The next job that Washington took on, was that of a soldier. The Governor of the colony of Virginia, appointed Washington as a major and send him on a mission to the Ohio River Valley. Washington fought in the first battle and many of the subsequent battles of the French and Indian War. A few years into the war, Washington was promoted to Colonel and continued to serve as a soldier in the Shenandoah Valley of Virginia. When the French and English finally came to an agreement and the war was over, Washington returned home to work as a farmer once again in 1759.

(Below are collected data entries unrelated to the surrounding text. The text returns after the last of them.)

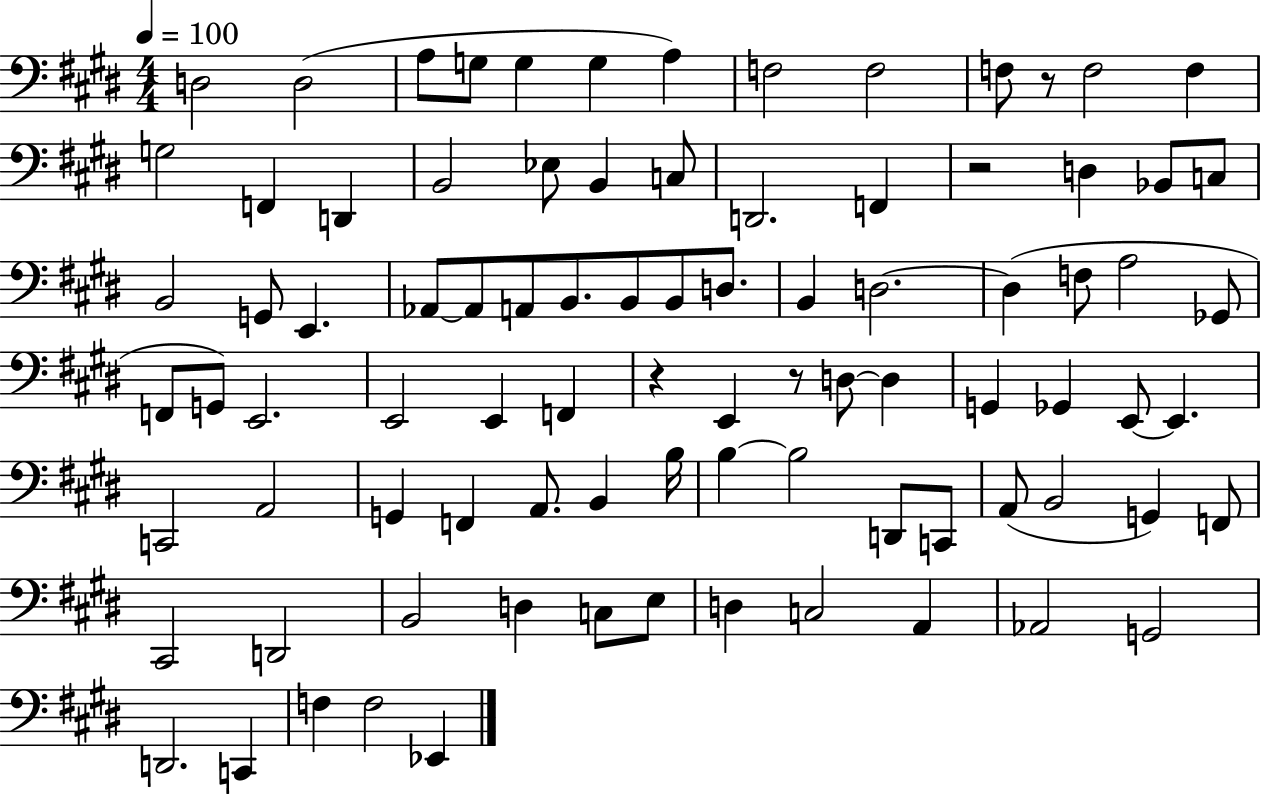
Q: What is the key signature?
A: E major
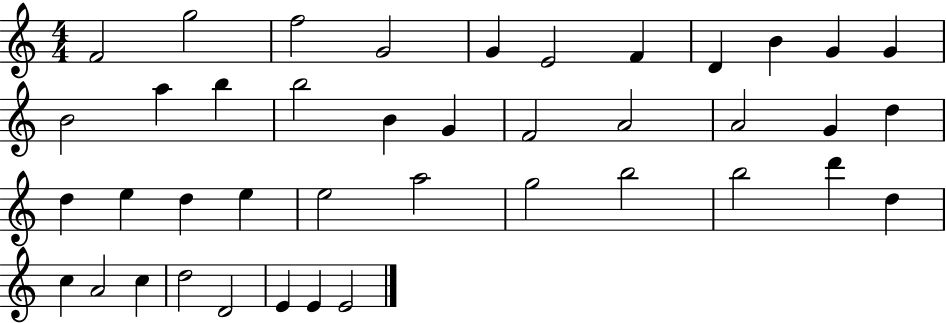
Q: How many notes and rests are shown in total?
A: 41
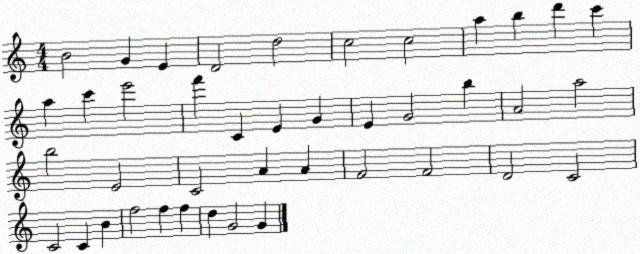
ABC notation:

X:1
T:Untitled
M:4/4
L:1/4
K:C
B2 G E D2 d2 c2 c2 a b d' c' a c' e'2 f' C E G E G2 b A2 a2 b2 E2 C2 A A F2 F2 D2 C2 C2 C B f2 f f d G2 G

Beginning in 1765, Washington served as a member of the House of Burgesses of Virginia. With the other colonists, Washington also became angry about the high taxes England was imposing on the colonies without any kind of representation in their government and joined in the protests. In 1774, Washington served as a member of the First Continental Congress, the colonies first attempt at their own government. The next year, Washington returned to serve on the Second Continental Congress. After the battles of Lexington and Concord, the Second Continental Congress unanimously chose George Washington as the commander-in-chief, the General over all of the armies and militias in the colonies. He worked hard as a general and demanded the same from the men he commanded. Washington was a smart leader and did not let the British draw him into battles but instead chose the battles he would fight himself. During the war, Washington led 10,000 men and stayed with them for almost the entire war. When the war was over in 1783, Washington resigned from his commission as the commander-in-chief of the new country’s army. He once again returned to Mount Vernon where he hoped to live the remainder of his life as a gentleman farmer.

However, when the Constitutional Convention met in 1787, Washington was chosen as one of Virginia’s delegates. George Washington was chosen to be the president of the Constitutional Convention. For three long, hot months, from late May to mid-September, the members met in closed rooms. Finally, they came to an agreement and the member signed the constitution on September 17, 1787. Once the Constitution was ratified, the people elected George Washington as their first president. After serving two consecutive terms, Washington was finally able to return home in 1798. He lived the few years he had left, working as a farmer.